## What is required:
Only the lines from the line with "Пальто женское, размер" through the end of the records belong in your reply, copied exactly, with every picture left out.

START Data extract

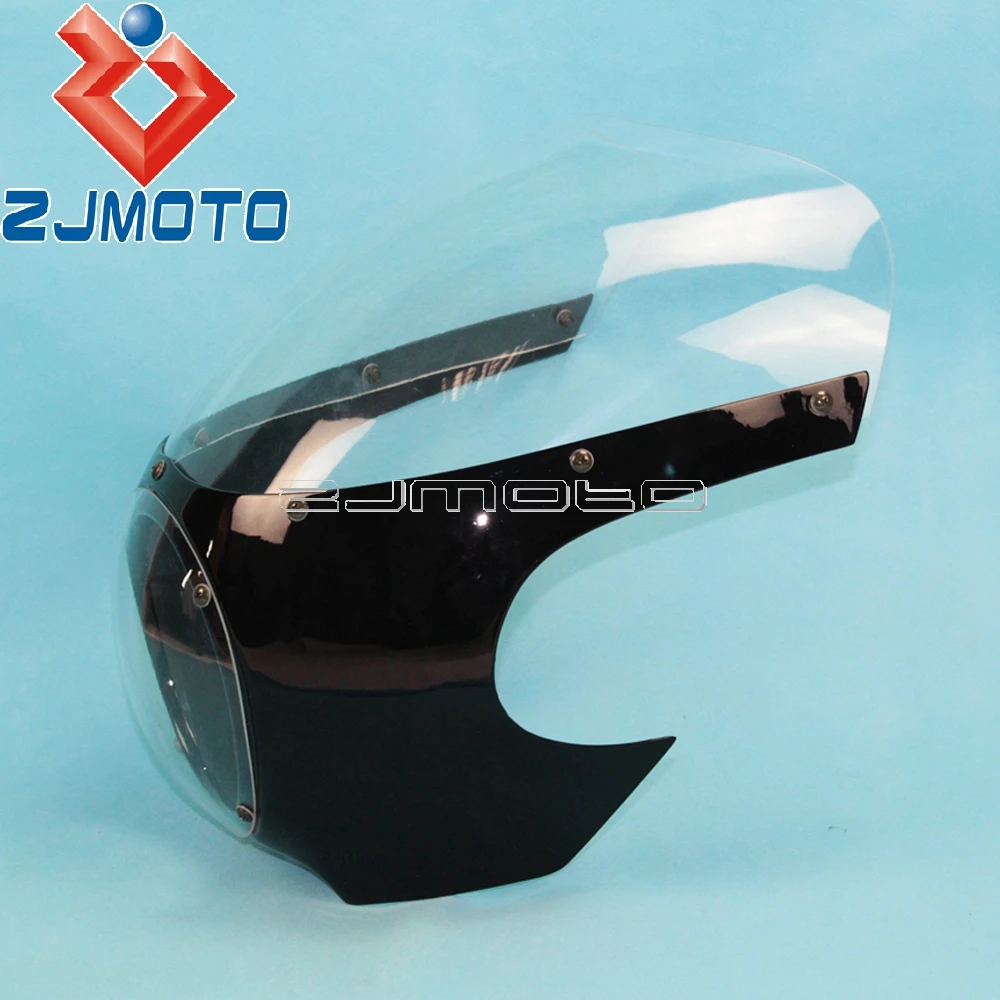 Мотоцикл спереди головной светильник обтекатель Кафе Рейсер для Драг рейсинга 5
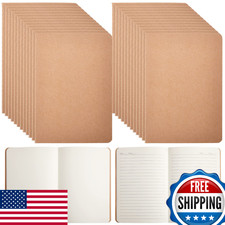 Epakh 48x A5 Kraft Notebooks Bulk - Lined  Blank Journals for School/Office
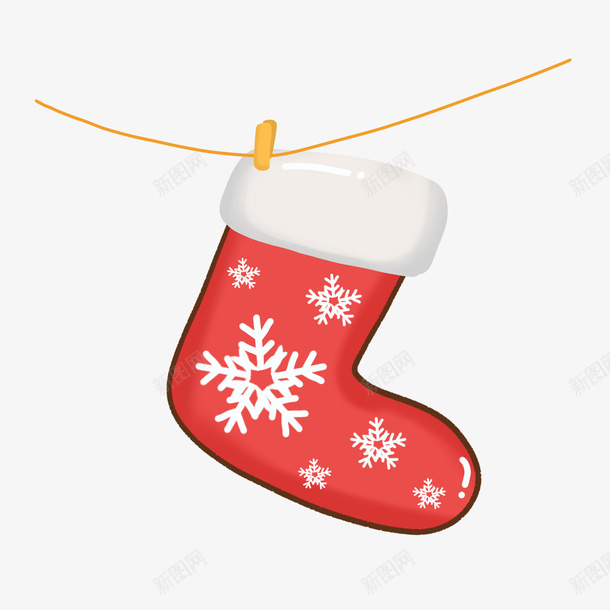 圣诞节可爱装饰袜子png免抠素材_新图网 https://ixintu.com 圣诞 节日 袜子 雪花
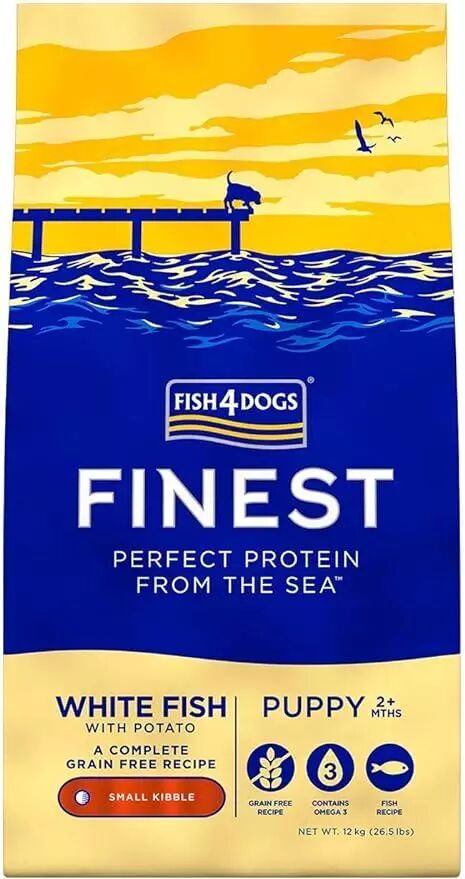 Fish4Dogs Cane Puppy Finest Pesce Bianco Small 12kg 12.00 kg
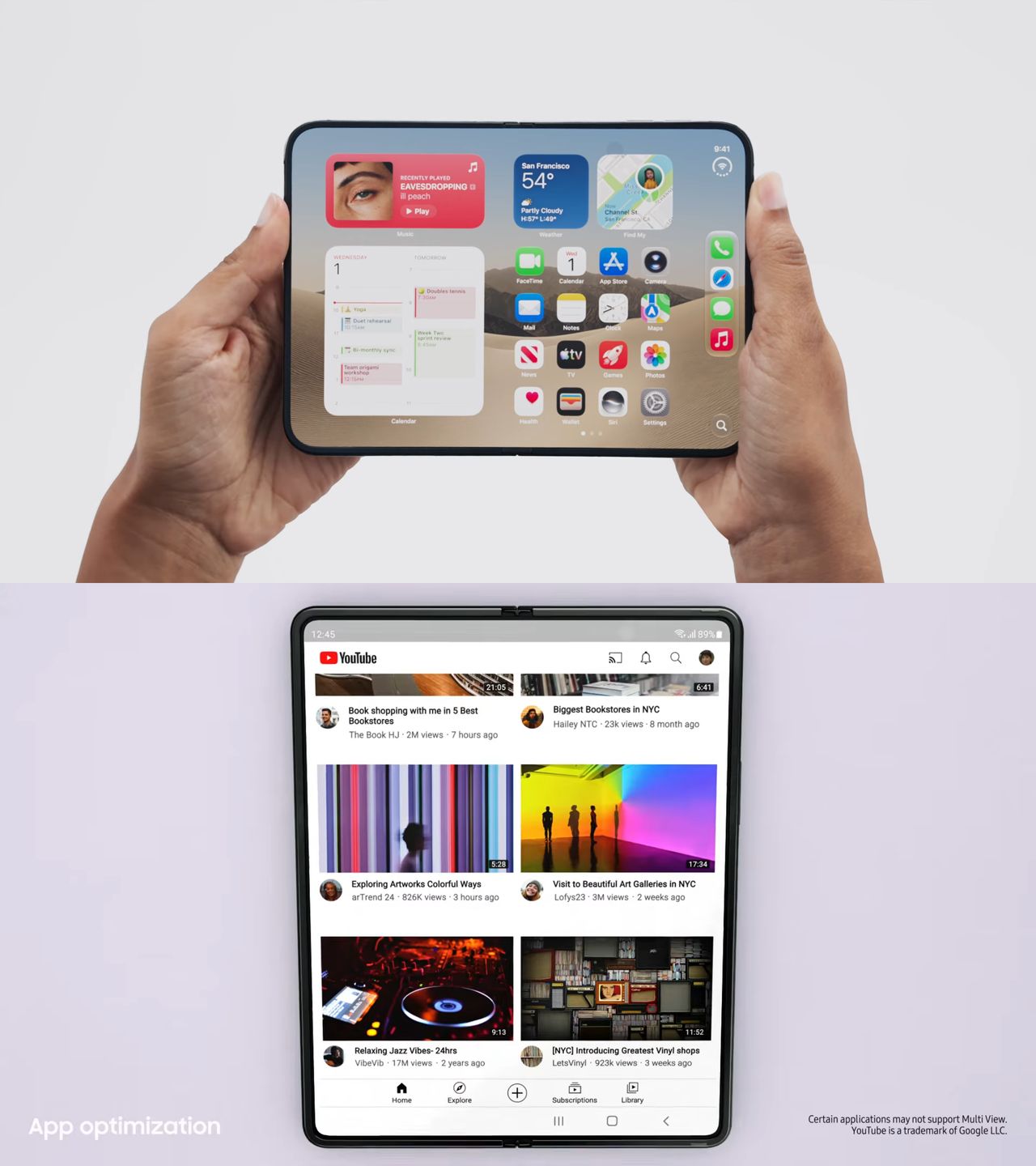iPhone Duo i Galaxy Z Fold 3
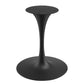 Lippa 54" Artificial Marble Oval Dining Table Black Black By Modway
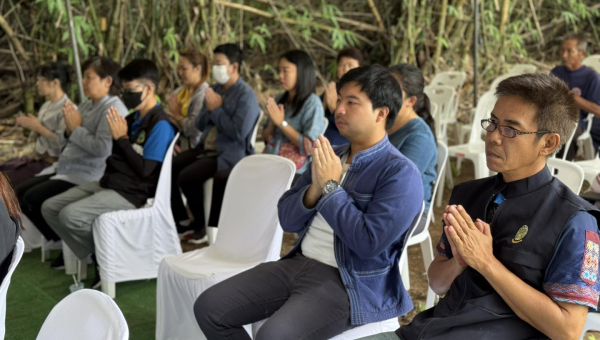 โครงการส่งน้ำและบำรุงรักษาแม่แฝก-แม่งัดสมบูรณ์ชล ร่วมพิธีบวงสรวงอารักษ์เจ้าที่ผีขุนน้ำ สืบสานประเพณีและปลูกจิตสำนึกการอนุรักษ์แหล่งน้ำ ประจำปี 2568 ณ หอศาลอารักษ์ คลองส่งน้ำสาย 1 เขื่อนแม่งัดสมบูรณ์ชล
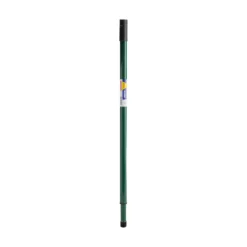 Manche télescopique pour balai vert en métal 75-130 cm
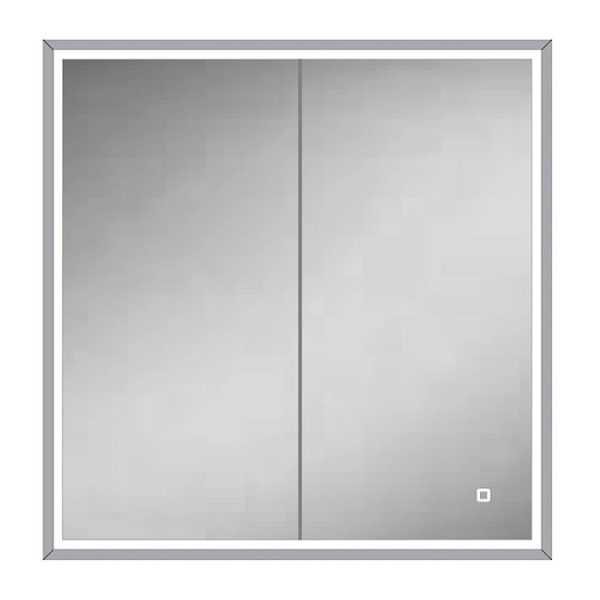 HIB Vanquish 80 Recessed LED Aluminium Mirror Cabinet - Image 2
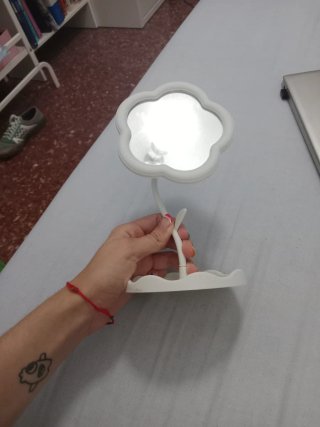 Espejo de sobremesa blanco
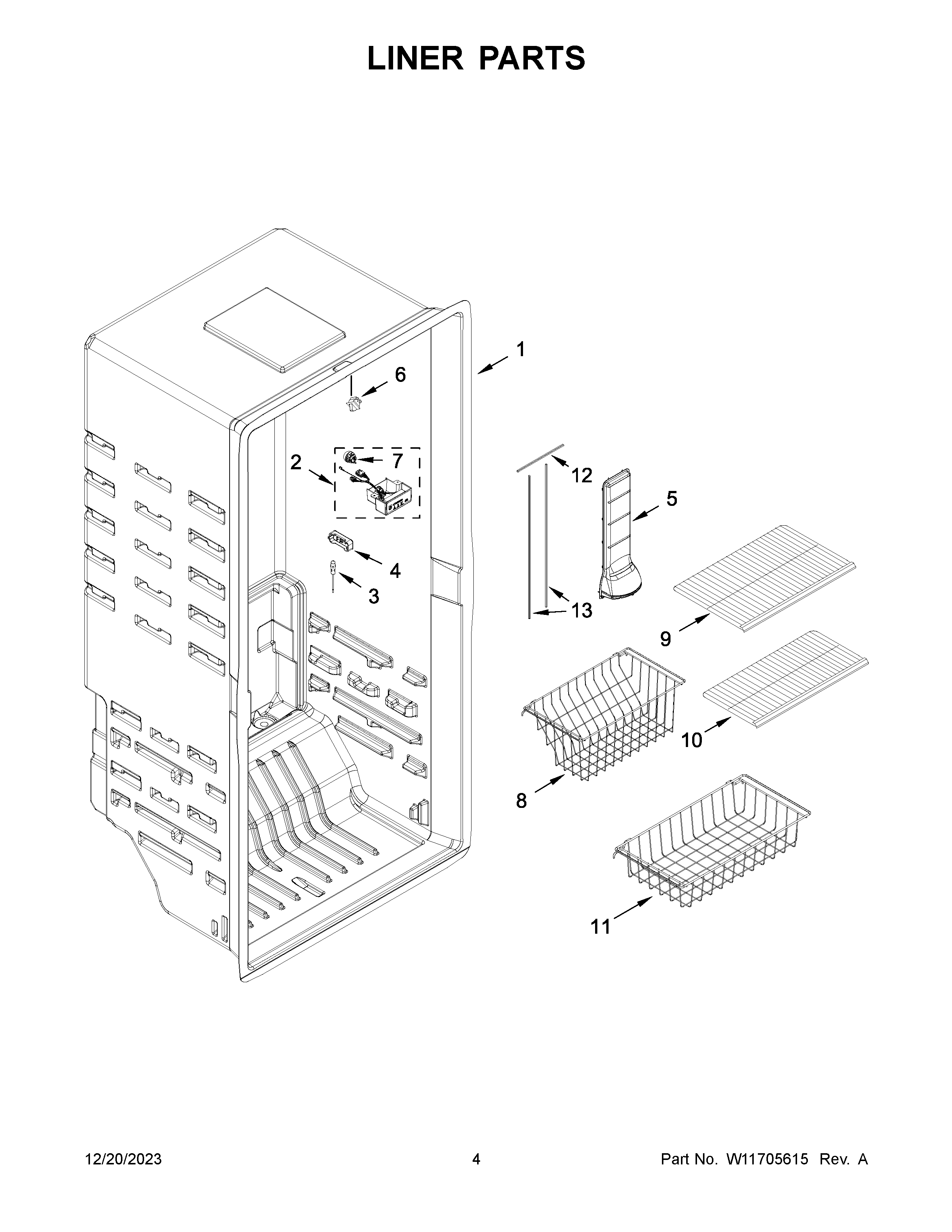 Liner parts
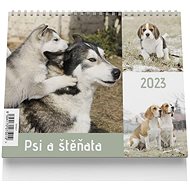 Vikpap Stolní kalendář Psi a štěňata 2023 - Stolní kalendář
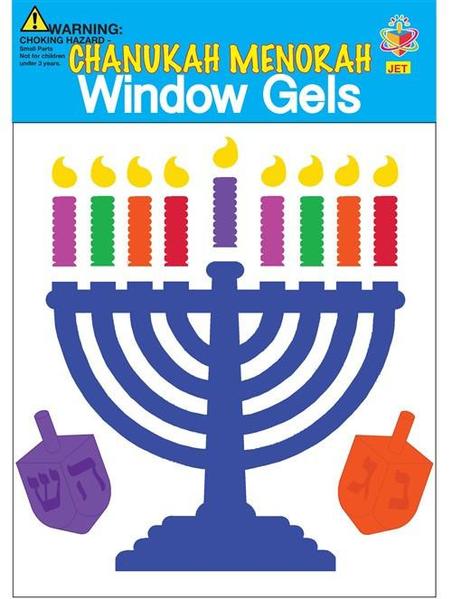 Menorah Window Gels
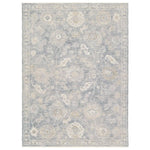 Featuring Alara Rug by Jaipur Living at Amethyst Home. Elegant and classic, the Alara design presents a largely sought-after Oushak-inspired pattern in a durable, powerloomed construction. The beautiful blue and gray oriental pattern effortlessly elevates any medium-traffic indoor setting. Space-dyed polyester introduces subtle, intriguing color variat. Amethyst Home provides interior design, new home construction design consulting, vintage area rugs, and lighting in the Salt Lake City metro area.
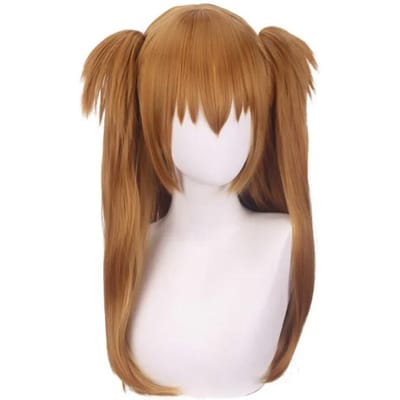 Rei Ayanami Cosplay Kostuum Asuka Langley Soryu Cosplay Dames Schooluniform Jurken Pruik Haarclips Halloween Loli Kleding XL brown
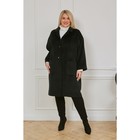 Пальто женское, размер 52, цвет чёрный - Фото 3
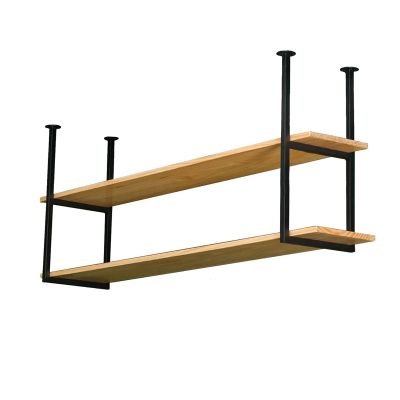 Lonmrrton Ceiling Shelf Hanging Floating Shelves 2 Layer European Ceiling Storage Rack Kitchen Organizer Display Rack Wine Holder Wall Shelf for Home Decor (Size : 150x30x80cm)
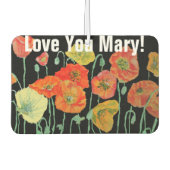 オレンジとブラックポピー名カーエアーフレッシュナー カーエアーフレッシュナー (正面)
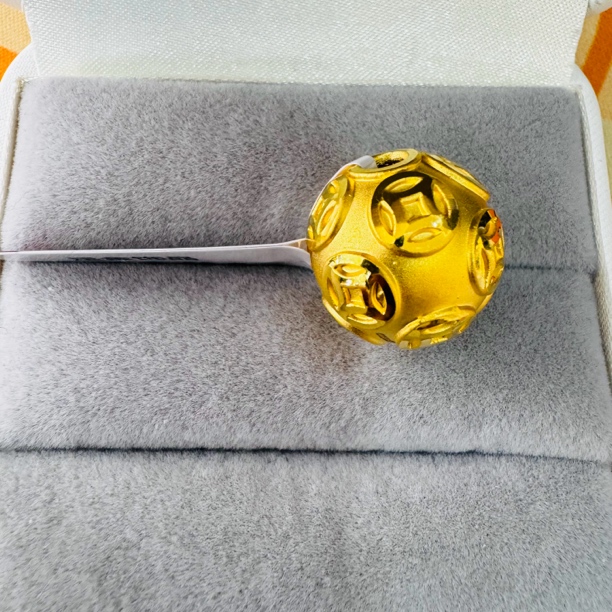 【莹莹专享】足金999饰品 大金球 2.41 GP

END Data extract

## Result:
 Пальто женское, размер 52, цвет чёрный - Фото 3
 Lonmrrton Ceiling Shelf Hanging Floating Shelves 2 Layer European Ceiling Storage Rack Kitchen Organizer Display Rack Wine Holder Wall Shelf for Home Decor (Size : 150x30x80cm)
 オレンジとブラックポピー名カーエアーフレッシュナー カーエアーフレッシュナー (正面)
 【莹莹专享】足金999饰品 大金球 2.41 GP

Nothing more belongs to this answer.